Si tratta del pentolino dove si sciolgono una parte di aceto, una parte di acqua, cioccolato fondente, zucchero, pinoli, uvetta, cedro candito, miscela che darà quel gusto eccelso alle carni in dolce e forte.

Avvicino il naso fino ad agguantare il vapore che sale mentre il tutto bolle.

Se l’odore è troppo pungente bilancio con altro zucchero la quantità di aceto in eccesso; al contrario, se quel profumo pungente che penetra nelle narici e poi per la gola fino a farti tossire non si fa sentire, è il caso di aggiungere aceto.

Odore invadente

Disperazione ossessionante – di Sandra Conticini

Già era un periodo abbastanza disperato di suo. Quell’estate, poi, eravamo state anche assalite! Tutte e due! nonostante si fosse state attente e si guardasse sempre bene dove mettevamo i piedi. Ma quel campeggio era pericoloso, non lo avevo calcolato, anche se me lo avevano detto in diversi di non abbassare mai la guardia. E così tutte e due fummo prese! Nello stesso giorno, nello stesso modo e da allora il problema diventò il nostro segreto, la nostra ossessione, la nostra disperazione costante. Lavavo tutto tutti i giorni eppure nulla, non si riusciva a dimenticarci di loro.
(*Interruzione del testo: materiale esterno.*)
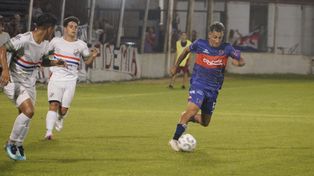 Punto valioso. Gonzalo Atardo anotó el empate del Matador en el cierre del partido ante Luján con un soberbio remate desde 30 metros.&nbsp;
Poi mi ricordai del rimedio della nonna: aceto bollito e passato, con il cotone, ciocca ciocca e su tutti quei ricciolini fitti fitti. Nonostante la paura che l’odore di aceto si sentisse, continuai per parecchi giorni, ma loro, i pidocchi, non se ne andarono.

Era diventata un’ossessione che, per fortuna, se la portò via Babbo Natale!!!!